> **What the task asks**: Only the lines from the beginning of the data below through the line containing "5717 S 200th" belong in the response, each copied exactly.

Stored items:
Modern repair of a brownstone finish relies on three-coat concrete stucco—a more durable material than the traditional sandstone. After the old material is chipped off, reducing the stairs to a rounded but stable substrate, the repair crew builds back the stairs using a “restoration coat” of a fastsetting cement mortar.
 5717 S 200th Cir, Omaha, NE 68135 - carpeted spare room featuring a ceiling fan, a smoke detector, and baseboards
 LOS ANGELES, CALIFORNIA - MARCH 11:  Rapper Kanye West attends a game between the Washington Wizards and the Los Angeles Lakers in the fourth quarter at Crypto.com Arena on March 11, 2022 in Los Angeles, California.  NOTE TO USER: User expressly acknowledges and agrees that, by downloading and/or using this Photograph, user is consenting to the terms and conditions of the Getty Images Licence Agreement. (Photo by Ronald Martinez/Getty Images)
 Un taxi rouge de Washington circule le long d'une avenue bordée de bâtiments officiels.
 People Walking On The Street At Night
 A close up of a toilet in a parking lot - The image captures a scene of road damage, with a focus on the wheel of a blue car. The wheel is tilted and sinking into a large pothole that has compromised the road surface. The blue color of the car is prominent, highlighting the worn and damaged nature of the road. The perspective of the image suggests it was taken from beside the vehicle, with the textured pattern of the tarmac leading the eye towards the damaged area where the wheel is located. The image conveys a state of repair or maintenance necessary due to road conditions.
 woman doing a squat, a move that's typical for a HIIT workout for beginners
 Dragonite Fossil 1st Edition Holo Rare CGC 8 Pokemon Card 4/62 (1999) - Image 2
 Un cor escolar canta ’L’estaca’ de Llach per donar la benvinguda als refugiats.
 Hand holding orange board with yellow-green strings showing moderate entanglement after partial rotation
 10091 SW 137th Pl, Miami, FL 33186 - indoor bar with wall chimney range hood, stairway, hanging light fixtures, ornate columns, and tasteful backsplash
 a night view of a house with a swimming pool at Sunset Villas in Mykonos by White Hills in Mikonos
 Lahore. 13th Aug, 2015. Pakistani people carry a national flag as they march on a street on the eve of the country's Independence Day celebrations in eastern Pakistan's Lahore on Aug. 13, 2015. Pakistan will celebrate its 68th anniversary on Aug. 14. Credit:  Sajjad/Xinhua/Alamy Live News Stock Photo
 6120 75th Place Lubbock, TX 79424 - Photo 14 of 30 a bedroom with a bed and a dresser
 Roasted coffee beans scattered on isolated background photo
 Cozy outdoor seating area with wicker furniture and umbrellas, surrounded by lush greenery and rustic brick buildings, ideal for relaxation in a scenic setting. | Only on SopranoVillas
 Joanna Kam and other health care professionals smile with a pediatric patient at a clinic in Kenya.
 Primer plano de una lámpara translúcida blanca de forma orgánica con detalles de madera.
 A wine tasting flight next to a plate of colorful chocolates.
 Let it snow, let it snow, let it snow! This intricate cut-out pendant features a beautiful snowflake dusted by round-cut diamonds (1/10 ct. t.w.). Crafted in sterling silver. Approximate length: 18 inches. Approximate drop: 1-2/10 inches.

> **Exercise response**:
Modern repair of a brownstone finish relies on three-coat concrete stucco—a more durable material than the traditional sandstone. After the old material is chipped off, reducing the stairs to a rounded but stable substrate, the repair crew builds back the stairs using a “restoration coat” of a fastsetting cement mortar.
 5717 S 200th Cir, Omaha, NE 68135 - carpeted spare room featuring a ceiling fan, a smoke detector, and baseboards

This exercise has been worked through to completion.